Potremmo raccontare di Casiraghi, anzi Casiraghy, come per vezzo ama firmarsi, che utilizza raffinata carta tedesca, la taglia a mano e compone sempre a mano con i caratteri mobili le scritte dei libercoli, versa l'inchiostro da un enorme calderone che pare un pentolone magico per poi stampare al torchio un breve testo - un verso poetico, un aforisma, un'intuizione - e una curata illustrazione, spesso firmata da Adriano Porazzi, che ora non c'è più. Potremmo dire del filo e dell'ago utili a cucire insieme le due pagine per confezionare questi pulcini di carta. Potremmo raccontare poi che di questi libri Alberto Casiraghy ne stampa al massimo una trentina di copie, la metà delle quali per se stesso, l'altra per l'autore-committente. Potremmo dire che stampa libri a chiunque glielo chieda, purché disposto a passare una giornata con lui, nella sua casa-laboratorio. Potremmo dire che questo lavoro (o arte?) dura da trent'anni, e che siamo alla pubblicazione numero 8888. Quasi novemila volumi, di cui oltre un migliaio nati dalla collaborazione con Alda, due anime fuori dal mondo perse, anzi ritrovate, nelle parole. Potremmo raccontare questo, dell'amicizia tra Casiraghy e monsignor Ravasi. E aggiungere che questi pulcini sono teneri all'apparenza ma granitici nella sostanza scritta.

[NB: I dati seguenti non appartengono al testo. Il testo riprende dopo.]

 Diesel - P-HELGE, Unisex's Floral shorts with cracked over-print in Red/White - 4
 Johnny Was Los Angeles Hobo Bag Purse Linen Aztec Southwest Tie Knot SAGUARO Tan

Potremmo dire che nel mondo dell'editoria - complice la stima che gli rivolgeva Vanni Scheiwiller - tutti conoscono Alberto Casiraghy.
Lo conosce da anni anche il milanese Andrea Kerbaker, che i libri li colleziona perché «sono riserve contro l'inverno dello spirito», come spiega, citando Marguerite Yourcenar, in Lo scaffale infinito, il saggio da poco edito da Ponte alle Grazie dove sono narrate, da Petrarca a Borges, «storie di uomini pazzi per i libri». E allora quel numero, 8888, artistica follia dell'editore quotidiano che crede nella possibilità di sedurre il lettore con un aforisma bello da vedere e da toccare, non può passare senza un omaggio.